Nor do the men of The Queen’s Gambit ever resent Beth for her icy and withholding beauty, her alien smarts. Instead, they respect her. The first two men ever to underestimate her at her first tournament become her groupies, and the first local chess champion she ever defeats languishes in unrequited love for her. When she travels to Moscow to play against the Soviet chess players — the best in the world, we’re told — her posse of American boy toys stay up all night plotting winning strategies for her to use. One of her humiliated Russian opponents resigns by kissing her hand.

This happy state of affairs is, it should go without saying, not quite an accurate depiction of the state of gender politics of actual chess. “They were too nice to her,” female chess champion Judit Polgar told the New York Times of the way fictional men treat fictional Beth. In real life, Polgar recalled the men who “refused to shake hands” after she beat them, the one “who hit his head on the board after he lost.”
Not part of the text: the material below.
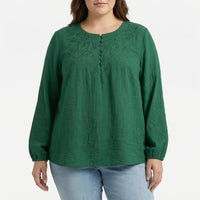Loose Long Sleeve Embroidered Shirt - Joan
The Queen’s Gambit is not supposed to be a documentary, and there is nothing wrong with indulging in the fantasy of a world in which men respect women enough to be supportive and complimentary after women show more skill and talent than them, even if that’s not the world in which we actually live. But I don’t think that fantasy is quite what Queen’s Gambit is giving us.

Because the show’s insistence on Beth’s beauty, and specifically on Beth’s beauty as something that makes her matching intelligence even more remarkable, creates the idea that what is valuable about Beth is not just her brilliance. The fact that she is both brilliant and beautiful is where her value lies. The former without the latter would be sad and empty. But together they make her something.

There is a potent fantasy embedded within this story. But it is an empty fantasy that reifies preexisting power structures rather than critiquing them. The story it tells is not “this woman is so brilliant that she is able to smash through the barriers of engrained structural misogyny,” but, “this woman is so beautiful that the barriers of engrained structural misogyny simply topple before her.” Beth becomes the exception that allows the patriarchy to continue functioning, rather than the rule-breaker that shows us why the patriarchy should crumble.

This conservatism, this failure of imagination, persists all the way through The Queen’s Gambit. It is the fault line running through the show’s exquisite surface-level imagery. It is the rotten hollow at the heart of the show. It’s why, in the end, The Queen’s Gambit fails to ever quite become great.

The Queen’s Gambit is beautiful to look at. But it does nothing with its beauty except ask us, again and again, to eat it all up.